* [EXTRACTED INFORMATION]:
------------------------------------
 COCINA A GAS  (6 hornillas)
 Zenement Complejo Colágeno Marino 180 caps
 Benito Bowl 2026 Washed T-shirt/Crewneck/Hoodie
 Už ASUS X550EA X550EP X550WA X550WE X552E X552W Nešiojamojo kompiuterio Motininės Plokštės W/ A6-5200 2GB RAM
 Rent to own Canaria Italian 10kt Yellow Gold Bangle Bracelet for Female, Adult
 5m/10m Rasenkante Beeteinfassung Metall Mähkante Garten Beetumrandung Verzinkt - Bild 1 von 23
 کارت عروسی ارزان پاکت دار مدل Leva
------------------------------------
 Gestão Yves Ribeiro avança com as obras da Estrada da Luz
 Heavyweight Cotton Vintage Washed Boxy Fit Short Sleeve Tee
------------------------------------
* [WORK ORDER]: All lines above between those holding "COCINA A GAS" and "Už ASUS X550EA", inclusive, must be set down unchanged, and no other line may be included.

* [RESPONSE]:
 COCINA A GAS  (6 hornillas)
 Zenement Complejo Colágeno Marino 180 caps
 Benito Bowl 2026 Washed T-shirt/Crewneck/Hoodie
 Už ASUS X550EA X550EP X550WA X550WE X552E X552W Nešiojamojo kompiuterio Motininės Plokštės W/ A6-5200 2GB RAM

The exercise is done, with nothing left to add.